WHAT TO DO:
Copy the material below verbatim from the line with "Faux Fur Trim Wool Blend Convertible Gloves" to the line with "Coupon For Luxury Rental Cars of Orlando", both lines included, omitting pictures and every line outside that range.

ENTRIES SHOWN:
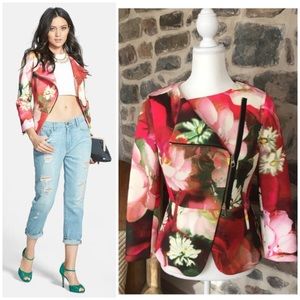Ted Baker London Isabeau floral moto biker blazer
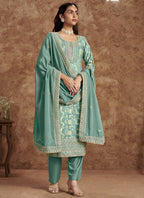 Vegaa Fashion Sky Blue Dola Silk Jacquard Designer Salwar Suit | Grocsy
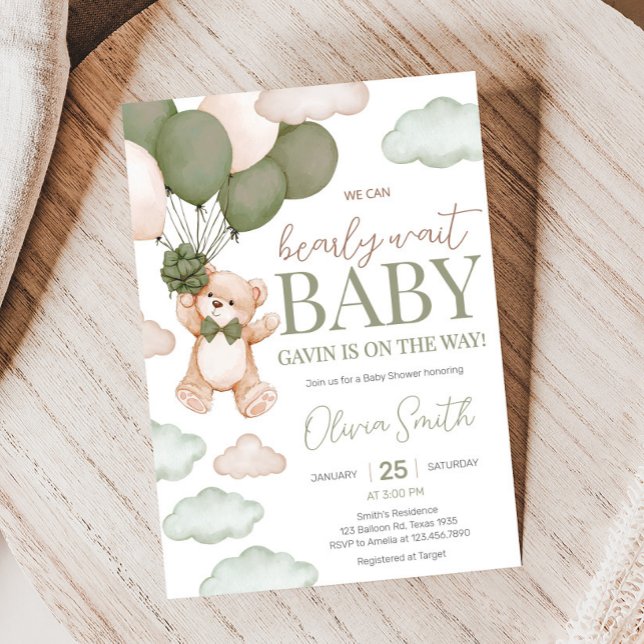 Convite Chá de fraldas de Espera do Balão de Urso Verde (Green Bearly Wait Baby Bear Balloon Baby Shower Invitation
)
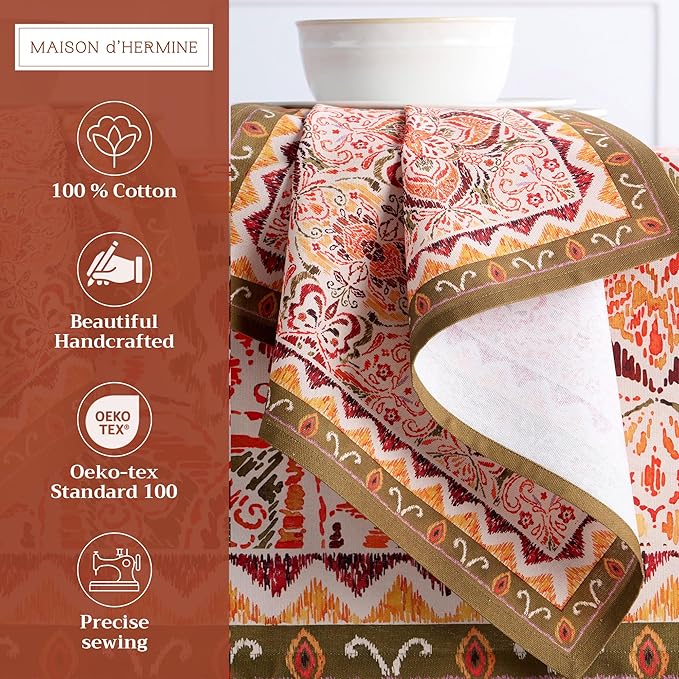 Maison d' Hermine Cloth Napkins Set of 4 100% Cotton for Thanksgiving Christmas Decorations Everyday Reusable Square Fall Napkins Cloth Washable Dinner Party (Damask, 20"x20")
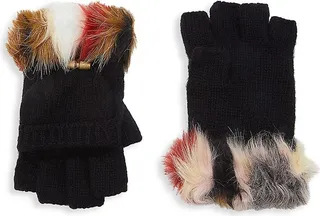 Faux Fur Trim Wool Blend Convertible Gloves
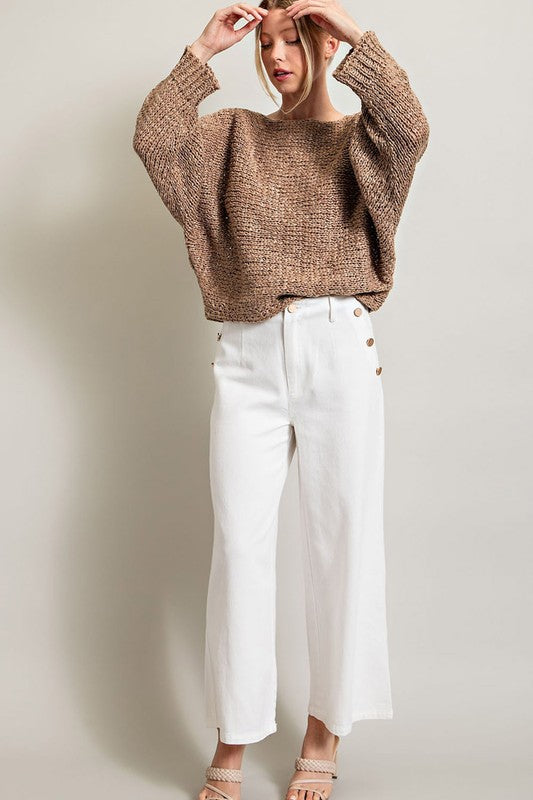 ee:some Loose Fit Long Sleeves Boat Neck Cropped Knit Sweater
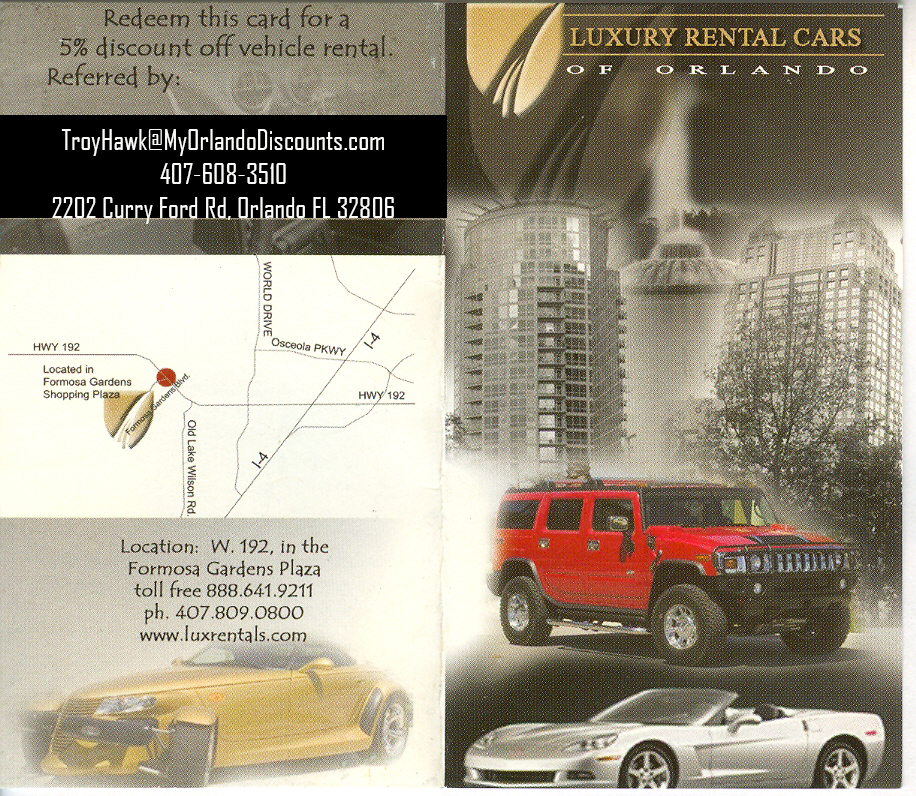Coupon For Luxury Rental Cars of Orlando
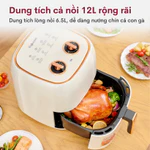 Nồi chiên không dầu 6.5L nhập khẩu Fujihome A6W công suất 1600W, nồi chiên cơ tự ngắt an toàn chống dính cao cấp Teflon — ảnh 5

FINISHED EXERCISE:
 Faux Fur Trim Wool Blend Convertible Gloves
 ee:some Loose Fit Long Sleeves Boat Neck Cropped Knit Sweater
Coupon For Luxury Rental Cars of Orlando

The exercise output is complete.